[Interview] Phonte talks Little Brother, The Foreign Exchange, and “Charity Starts At Home”

Interview by: Martin Bauman

Having earned a Grammy nomination for “Best Urban/Alternative Performance” as part of The Foreign Exchange, and recognition from the likes of Pete Rock and Ali Shaheed Muhammad throughout his career, it seems there’s little left for Phonte to prove. Rather than fall into complacency, however, the Little Brother emcee sounds as inspired as ever on his latest solo effort, Charity Starts At Home. According to the Greensboro, North Carolina emcee/singer, he’s “just getting started.” The Come Up Show caught up with Phonte ahead of his show in Toronto this Saturday, and he opened up about his time in Little Brother, his work with Nicolay as The Foreign Exchange, and his solo album, among other things. Read the full interview below.

TCUS: You’re performing in Toronto at the El Mocambo on November 17th. For those who have never seen your live performance before, what can they expect to see?

Phonte: It’s just a party, you know what I’m saying? Pretty much, it’s a one-stop shop. I cover new joints, stuff from my album Charity Starts At Home, I cover the Little Brother catalogue… It’s very much a retrospective [show]. I cover all bases, all parts of my career. It’s a marathon [laughs].

TCUS: [Laughs] Back in ’09, 9th Wonder called Toronto the hip-hop capital of the world. What are your thoughts on the music scene in Toronto?
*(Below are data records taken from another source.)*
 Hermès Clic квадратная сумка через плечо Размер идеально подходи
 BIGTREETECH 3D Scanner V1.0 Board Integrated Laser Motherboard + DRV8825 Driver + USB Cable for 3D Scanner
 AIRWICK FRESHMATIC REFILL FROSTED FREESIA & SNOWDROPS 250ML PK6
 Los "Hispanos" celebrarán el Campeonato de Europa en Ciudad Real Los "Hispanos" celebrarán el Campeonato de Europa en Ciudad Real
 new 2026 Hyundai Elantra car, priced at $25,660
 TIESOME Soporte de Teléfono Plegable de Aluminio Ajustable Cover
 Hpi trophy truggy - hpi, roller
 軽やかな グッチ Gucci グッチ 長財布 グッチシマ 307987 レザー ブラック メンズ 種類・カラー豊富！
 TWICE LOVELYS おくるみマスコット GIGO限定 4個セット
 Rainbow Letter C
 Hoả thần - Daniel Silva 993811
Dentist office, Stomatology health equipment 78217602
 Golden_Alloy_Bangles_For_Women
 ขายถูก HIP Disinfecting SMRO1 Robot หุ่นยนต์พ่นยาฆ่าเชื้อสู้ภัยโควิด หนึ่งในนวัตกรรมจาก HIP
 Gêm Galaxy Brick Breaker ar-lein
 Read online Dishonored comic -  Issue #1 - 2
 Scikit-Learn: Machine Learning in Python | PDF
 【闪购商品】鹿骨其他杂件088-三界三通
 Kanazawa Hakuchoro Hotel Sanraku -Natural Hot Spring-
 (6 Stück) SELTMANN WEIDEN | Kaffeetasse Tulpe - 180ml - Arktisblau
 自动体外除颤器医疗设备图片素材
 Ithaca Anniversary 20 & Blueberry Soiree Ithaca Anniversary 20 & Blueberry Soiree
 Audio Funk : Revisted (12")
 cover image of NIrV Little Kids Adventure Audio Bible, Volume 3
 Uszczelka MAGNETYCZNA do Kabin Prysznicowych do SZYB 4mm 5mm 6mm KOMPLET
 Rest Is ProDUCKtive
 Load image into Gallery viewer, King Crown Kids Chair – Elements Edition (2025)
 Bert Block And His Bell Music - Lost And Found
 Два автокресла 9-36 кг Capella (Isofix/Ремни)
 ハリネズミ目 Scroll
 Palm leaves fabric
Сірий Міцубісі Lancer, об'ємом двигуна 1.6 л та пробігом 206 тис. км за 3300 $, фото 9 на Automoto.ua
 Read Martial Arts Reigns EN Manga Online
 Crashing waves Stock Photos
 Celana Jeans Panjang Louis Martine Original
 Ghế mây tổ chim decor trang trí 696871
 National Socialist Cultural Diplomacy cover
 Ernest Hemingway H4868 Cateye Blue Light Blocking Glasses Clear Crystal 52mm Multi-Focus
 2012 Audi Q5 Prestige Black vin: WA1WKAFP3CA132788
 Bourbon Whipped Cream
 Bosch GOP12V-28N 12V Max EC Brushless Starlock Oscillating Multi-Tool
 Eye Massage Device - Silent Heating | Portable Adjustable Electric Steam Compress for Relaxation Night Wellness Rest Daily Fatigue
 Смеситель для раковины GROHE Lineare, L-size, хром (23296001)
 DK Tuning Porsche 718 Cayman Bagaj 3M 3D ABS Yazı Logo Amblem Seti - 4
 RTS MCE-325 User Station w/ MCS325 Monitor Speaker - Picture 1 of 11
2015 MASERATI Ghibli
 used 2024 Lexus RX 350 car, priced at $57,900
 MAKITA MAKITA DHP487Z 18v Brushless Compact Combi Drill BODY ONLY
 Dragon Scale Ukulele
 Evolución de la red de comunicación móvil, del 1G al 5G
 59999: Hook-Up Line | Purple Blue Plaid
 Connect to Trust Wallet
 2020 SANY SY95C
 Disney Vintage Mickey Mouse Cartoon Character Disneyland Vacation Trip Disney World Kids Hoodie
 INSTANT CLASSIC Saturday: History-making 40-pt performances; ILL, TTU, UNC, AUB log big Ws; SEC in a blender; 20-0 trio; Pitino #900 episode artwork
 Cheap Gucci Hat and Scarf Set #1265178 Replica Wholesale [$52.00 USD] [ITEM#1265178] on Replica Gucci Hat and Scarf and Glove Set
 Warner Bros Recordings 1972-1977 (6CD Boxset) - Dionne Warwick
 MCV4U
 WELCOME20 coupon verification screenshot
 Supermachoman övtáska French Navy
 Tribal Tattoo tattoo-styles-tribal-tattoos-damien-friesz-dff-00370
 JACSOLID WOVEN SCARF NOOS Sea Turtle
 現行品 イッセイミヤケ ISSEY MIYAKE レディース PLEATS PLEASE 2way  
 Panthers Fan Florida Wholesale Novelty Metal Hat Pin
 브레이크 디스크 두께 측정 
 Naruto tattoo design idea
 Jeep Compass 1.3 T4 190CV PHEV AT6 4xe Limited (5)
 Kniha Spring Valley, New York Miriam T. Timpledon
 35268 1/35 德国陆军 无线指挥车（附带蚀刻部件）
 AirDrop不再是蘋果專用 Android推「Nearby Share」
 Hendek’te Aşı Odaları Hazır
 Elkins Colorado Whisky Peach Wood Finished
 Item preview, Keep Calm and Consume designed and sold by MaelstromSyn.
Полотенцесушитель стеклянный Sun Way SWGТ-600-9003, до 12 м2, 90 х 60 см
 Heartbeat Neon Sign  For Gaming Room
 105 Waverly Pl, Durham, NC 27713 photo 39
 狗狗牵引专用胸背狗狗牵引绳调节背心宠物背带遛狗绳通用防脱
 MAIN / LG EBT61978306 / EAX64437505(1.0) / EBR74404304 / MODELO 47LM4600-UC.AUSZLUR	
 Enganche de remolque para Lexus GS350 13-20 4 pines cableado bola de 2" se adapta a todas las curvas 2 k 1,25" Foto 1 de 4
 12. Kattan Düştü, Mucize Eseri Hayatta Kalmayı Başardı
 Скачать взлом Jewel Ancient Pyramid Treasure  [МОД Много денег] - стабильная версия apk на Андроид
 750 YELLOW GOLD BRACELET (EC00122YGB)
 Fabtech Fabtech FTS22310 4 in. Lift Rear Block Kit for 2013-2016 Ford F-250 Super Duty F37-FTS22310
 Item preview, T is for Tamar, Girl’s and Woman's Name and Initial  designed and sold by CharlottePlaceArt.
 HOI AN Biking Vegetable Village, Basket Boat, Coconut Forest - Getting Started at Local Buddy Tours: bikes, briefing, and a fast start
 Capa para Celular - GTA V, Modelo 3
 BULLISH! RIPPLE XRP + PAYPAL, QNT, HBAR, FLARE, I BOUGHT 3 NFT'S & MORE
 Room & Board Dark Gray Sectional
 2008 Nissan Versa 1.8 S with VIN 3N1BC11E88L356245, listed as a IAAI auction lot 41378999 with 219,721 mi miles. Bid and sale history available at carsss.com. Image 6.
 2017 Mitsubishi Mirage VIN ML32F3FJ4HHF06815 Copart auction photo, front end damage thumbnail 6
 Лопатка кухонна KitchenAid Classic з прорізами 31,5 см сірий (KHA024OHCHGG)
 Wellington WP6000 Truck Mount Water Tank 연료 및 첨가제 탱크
Phonte: I think Toronto is probably one of the most musically diverse places that I’ve ever played. There’s a big melting pot of culture there, and I think that plays out in the music. You got cats like Slakah The Beatchild, who I’m a big fan of, cats like Doc McKinney… cats that always bring a little something extra to the table. I definitely think that Toronto is just one of those cities where all those things come together in a nice mix, and it shows in the music.

TCUS: While we’re still somewhat on the subject of 9th Wonder, I want to ask you about a tweet of his. He was reminiscing on Twitter, and one of the things he tweeted was “I’ll never forget those days Phonte was working at Blue Cross, then getting off and recording all night.” What are your memories from that time?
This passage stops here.